> **Activity**:
In the records below, find the line with "Teal Striped Shirt" and the line with "Torneira para banheiro". Print both exactly, along with every line between them, and no other line.

> **Stored dataset items**:
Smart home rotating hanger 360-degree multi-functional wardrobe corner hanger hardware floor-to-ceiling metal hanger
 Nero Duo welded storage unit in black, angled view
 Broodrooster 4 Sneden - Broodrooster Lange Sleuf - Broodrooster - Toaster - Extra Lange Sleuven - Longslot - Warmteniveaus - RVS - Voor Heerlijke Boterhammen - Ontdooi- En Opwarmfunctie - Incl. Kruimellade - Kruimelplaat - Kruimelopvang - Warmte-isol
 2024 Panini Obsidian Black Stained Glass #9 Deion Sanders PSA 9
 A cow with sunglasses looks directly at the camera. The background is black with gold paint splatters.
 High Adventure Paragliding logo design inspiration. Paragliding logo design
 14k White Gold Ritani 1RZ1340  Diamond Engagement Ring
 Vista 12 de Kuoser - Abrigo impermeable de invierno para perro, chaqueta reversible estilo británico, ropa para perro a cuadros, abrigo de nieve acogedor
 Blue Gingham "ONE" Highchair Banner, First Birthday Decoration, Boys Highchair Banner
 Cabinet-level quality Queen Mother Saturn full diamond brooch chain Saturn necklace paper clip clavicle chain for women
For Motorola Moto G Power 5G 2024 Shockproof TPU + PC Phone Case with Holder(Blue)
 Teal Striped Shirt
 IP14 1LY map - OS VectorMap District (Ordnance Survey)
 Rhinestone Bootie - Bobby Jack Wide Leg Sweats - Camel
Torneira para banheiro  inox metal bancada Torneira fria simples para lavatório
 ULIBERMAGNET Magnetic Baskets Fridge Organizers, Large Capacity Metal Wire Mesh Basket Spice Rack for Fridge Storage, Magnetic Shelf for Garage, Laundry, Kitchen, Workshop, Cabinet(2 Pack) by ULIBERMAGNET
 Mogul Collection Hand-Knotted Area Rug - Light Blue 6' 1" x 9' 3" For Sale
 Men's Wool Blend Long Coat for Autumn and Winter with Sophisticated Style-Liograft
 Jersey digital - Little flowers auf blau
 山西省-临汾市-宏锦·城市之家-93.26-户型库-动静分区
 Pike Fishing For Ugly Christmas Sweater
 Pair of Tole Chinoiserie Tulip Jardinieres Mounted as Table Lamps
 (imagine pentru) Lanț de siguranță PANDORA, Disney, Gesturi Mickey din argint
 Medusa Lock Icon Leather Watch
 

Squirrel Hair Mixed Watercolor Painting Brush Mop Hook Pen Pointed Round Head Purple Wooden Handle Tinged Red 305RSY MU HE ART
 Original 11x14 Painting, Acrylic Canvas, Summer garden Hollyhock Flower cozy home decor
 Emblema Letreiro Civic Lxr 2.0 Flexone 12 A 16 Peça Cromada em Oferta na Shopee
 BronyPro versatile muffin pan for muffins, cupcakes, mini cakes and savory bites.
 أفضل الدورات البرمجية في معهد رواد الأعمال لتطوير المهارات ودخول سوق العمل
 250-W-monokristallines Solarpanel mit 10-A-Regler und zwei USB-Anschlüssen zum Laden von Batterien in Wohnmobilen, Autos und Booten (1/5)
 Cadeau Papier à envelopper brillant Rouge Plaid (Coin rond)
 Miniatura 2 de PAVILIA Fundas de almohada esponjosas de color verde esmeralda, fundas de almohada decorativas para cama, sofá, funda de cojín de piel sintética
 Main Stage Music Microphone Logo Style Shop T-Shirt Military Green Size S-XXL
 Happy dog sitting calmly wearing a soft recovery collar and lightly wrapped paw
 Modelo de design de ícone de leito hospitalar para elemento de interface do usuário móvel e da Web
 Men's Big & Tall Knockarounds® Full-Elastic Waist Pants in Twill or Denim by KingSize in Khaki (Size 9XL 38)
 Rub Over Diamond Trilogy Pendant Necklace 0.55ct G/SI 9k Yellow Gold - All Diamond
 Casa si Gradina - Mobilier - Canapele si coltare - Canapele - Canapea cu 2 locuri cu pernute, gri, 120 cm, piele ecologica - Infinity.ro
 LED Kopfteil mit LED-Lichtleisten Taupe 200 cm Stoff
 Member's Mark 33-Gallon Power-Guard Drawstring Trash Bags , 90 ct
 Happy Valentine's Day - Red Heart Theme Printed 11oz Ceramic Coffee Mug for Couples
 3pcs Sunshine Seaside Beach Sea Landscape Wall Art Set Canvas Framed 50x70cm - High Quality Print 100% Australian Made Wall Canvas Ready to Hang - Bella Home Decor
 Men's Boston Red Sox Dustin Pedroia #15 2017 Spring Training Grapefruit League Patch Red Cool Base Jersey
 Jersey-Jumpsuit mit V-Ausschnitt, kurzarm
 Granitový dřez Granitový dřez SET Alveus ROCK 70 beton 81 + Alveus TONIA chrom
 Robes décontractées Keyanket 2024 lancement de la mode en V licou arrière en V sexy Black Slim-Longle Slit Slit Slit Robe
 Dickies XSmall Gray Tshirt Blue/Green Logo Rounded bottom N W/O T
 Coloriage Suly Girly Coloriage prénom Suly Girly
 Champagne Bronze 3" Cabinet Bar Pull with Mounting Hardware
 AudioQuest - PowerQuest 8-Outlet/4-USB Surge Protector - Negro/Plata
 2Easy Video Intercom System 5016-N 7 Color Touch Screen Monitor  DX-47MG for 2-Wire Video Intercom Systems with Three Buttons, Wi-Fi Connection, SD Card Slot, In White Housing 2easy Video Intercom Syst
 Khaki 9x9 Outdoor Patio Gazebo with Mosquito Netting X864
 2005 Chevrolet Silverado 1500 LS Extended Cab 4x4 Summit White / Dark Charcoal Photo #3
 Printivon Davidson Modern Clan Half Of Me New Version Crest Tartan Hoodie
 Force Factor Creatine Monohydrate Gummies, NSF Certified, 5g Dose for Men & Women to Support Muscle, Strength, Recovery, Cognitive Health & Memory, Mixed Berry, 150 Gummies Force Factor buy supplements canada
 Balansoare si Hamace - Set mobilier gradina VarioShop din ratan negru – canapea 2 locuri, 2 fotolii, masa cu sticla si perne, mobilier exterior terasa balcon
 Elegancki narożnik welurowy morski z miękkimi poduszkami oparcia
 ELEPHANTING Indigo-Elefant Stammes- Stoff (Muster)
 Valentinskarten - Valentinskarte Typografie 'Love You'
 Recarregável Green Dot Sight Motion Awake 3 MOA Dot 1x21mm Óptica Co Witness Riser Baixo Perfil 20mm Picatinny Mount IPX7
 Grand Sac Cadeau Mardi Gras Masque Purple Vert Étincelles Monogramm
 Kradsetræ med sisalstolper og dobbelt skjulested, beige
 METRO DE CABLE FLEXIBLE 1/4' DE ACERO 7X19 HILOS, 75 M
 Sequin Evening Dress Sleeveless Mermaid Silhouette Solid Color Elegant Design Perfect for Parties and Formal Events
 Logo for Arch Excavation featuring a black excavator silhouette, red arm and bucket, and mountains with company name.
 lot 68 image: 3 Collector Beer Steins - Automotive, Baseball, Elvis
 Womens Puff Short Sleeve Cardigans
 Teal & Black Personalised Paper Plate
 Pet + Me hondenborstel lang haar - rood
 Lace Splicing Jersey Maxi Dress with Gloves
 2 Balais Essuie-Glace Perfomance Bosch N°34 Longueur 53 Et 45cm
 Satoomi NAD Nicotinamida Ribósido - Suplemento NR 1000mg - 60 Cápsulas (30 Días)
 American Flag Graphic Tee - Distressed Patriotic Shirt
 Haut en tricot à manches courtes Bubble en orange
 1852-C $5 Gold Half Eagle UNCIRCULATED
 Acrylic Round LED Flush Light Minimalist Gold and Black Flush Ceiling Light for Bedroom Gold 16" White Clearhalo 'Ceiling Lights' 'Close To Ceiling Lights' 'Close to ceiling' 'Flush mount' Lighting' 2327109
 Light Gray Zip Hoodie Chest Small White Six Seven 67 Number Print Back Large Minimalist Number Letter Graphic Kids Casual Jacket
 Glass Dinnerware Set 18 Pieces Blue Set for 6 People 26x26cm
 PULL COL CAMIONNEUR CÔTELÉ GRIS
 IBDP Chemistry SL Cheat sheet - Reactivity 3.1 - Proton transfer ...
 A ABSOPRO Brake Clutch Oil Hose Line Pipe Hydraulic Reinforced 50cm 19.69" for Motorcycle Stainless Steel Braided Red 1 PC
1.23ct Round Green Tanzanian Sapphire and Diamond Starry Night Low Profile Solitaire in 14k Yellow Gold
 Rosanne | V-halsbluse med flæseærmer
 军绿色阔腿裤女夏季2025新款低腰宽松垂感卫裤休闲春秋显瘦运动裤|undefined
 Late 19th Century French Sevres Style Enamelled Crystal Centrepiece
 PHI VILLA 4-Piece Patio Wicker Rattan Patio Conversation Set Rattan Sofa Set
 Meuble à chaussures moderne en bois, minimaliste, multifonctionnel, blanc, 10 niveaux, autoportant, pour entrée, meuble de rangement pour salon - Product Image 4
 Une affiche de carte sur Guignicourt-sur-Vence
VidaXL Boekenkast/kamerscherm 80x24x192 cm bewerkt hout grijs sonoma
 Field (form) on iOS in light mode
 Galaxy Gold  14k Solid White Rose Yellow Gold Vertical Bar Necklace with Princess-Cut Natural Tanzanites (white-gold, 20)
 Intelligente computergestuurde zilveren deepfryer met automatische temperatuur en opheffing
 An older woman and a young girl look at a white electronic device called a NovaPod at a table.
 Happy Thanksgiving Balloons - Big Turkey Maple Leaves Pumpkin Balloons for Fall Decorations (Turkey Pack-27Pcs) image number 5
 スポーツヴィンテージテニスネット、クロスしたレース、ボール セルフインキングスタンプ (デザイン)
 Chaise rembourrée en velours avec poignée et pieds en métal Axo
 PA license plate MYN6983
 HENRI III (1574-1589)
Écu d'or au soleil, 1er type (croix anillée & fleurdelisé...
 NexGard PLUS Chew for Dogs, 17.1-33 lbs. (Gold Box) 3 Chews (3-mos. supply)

> **Solved exercise**:
 Teal Striped Shirt
 IP14 1LY map - OS VectorMap District (Ordnance Survey)
 Rhinestone Bootie - Bobby Jack Wide Leg Sweats - Camel
Torneira para banheiro  inox metal bancada Torneira fria simples para lavatório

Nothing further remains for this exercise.